Does anyone have any definitive info on a particular temperature and/or come ppm that encouraged more trichs and terpenes? I’m am afficidanado of sorts, trying to hone my skills at growing at the moment, my rooms are getting into the 84-88f day and 74-77f nights…I run during the day with HID… I’m very interested if heat plays roll in robbing it of trichs…
Transpiration is probably one part of the equation. But I do have this question: Are these grows both outdoor or both indoor? As someone else mentioned, UV rays are a little more intense at higher altitudes and this could be a factor. If they are both indoor grows then this wouldn’t be a factor.
I keep reading the thread title as “Effect of Attitude on Resin Yield/Quality”
UV flux was my first response too…but
stopped my in my tracks. I would have made @Renchi’s argument, but supplemented with protecting DNA from UV damage being one of the primary reasons the resins exist.

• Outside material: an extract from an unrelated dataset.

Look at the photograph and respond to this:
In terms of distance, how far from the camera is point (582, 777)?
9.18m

When @puccinia suggested barometric pressure, it made sense, as that is another sensory input that could be tied to resin production in an evolutionarily relevant manner.

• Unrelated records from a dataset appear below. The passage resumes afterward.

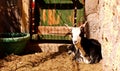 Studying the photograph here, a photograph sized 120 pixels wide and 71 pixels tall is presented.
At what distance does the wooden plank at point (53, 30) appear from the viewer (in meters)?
8.95

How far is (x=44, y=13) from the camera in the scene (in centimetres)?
902

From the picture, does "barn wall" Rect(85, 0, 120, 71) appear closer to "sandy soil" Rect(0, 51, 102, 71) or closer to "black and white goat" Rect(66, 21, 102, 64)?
"black and white goat" Rect(66, 21, 102, 64)

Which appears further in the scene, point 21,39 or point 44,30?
point 44,30

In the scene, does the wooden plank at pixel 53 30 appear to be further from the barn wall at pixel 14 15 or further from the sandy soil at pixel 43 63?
the sandy soil at pixel 43 63

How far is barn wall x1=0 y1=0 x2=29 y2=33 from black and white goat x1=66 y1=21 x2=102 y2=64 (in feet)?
5.72

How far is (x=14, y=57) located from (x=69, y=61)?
1.47m

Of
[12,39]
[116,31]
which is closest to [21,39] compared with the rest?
[12,39]

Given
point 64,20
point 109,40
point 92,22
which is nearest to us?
point 109,40

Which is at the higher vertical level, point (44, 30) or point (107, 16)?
point (107, 16)

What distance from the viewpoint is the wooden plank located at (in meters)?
8.95

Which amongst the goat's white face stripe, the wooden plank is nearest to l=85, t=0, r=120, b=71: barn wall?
the goat's white face stripe

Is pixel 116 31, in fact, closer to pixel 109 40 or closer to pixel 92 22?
pixel 109 40

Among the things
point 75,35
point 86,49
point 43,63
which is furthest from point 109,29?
point 43,63

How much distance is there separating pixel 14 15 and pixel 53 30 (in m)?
1.20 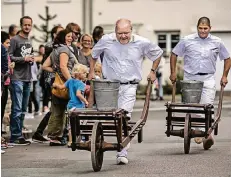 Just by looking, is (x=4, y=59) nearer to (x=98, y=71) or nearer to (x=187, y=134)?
(x=98, y=71)

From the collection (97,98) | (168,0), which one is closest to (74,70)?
(97,98)

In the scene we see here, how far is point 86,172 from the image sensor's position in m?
9.84

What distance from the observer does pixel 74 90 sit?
1236 cm

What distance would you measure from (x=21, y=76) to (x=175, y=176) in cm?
482

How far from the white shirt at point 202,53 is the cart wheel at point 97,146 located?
2848mm

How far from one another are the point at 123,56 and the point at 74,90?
197 centimetres

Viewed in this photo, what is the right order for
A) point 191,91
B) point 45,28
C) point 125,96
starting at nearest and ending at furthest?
point 125,96, point 191,91, point 45,28

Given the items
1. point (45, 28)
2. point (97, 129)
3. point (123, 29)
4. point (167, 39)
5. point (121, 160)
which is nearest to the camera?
point (97, 129)

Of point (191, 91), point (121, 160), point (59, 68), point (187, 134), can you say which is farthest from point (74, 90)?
point (121, 160)

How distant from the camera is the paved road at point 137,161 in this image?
9703 millimetres

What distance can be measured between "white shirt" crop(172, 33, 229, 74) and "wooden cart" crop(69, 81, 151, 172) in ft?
7.85

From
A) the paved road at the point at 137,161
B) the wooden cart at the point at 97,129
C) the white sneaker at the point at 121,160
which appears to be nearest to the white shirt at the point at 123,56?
the wooden cart at the point at 97,129

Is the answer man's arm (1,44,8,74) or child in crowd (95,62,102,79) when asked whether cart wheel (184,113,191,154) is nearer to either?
child in crowd (95,62,102,79)

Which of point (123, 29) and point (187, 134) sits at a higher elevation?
point (123, 29) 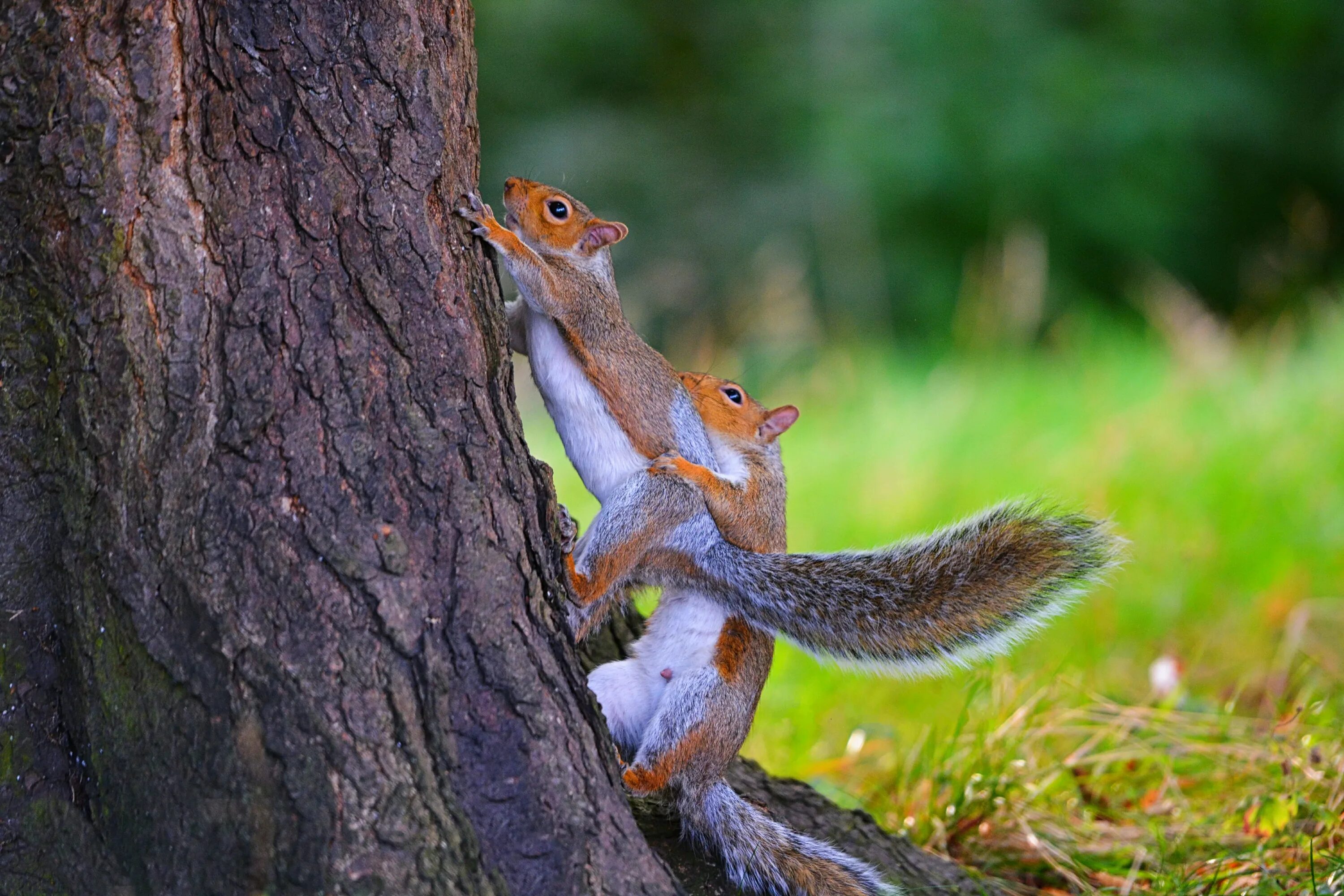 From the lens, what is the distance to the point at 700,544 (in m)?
1.89

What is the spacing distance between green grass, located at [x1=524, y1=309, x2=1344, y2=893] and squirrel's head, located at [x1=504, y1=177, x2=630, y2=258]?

ie: knowing that you’re at high elevation, even if you currently don’t notice a high UV flux, it’s probably wise to turn up resin production, because the UV is coming…
as for the variants you’ve tapped into during your high altitude pheno-hunt that seem to give more/better resin at altitude, I would guess they are tied to the higher UV flux at higher altitudes, but are using barometric pressure or it’s effect on transpiration to “sense” their altitude.
Are uv bulbs good at small amounts to stress trichs out in indoor
I have 2 4ft double bulb HO pure uv fluro but I always been scared to use
Was told they need to be 3 ft above and highest I can get is 1.5-2.5ft, and if I didn’t get 3ft above they would burn… And to do like 4-15 min on per lights on?
Any thoughts
Thanks Cyclo! You always come through with an easy to understand/follow explanation. This makes a TON of sense and helps a lot with giving me focus on what to read in my botany books next.
I chalk this up to be a Colorado grower myth. I can not find evidence of altitude affecting any portion of photosynthesis in a indoor setting. If you are in a sealed environment, the barometric pressure is based on your VPD, Temps, and amount of water being put into the room. If it isn’t a sealed environment, then the external environment is having play in the VPD, thus changing the rate of transpiration. If there is a case study that says other wise, Id love to see. I watched a Colorado Master Grower blame fried plants on altitude, instead of the 2500ppm slurry of bottled nutes he was feeding.In NC they are finding higher elevations causing THC spikes, which they are contributing to colder temps, and UV.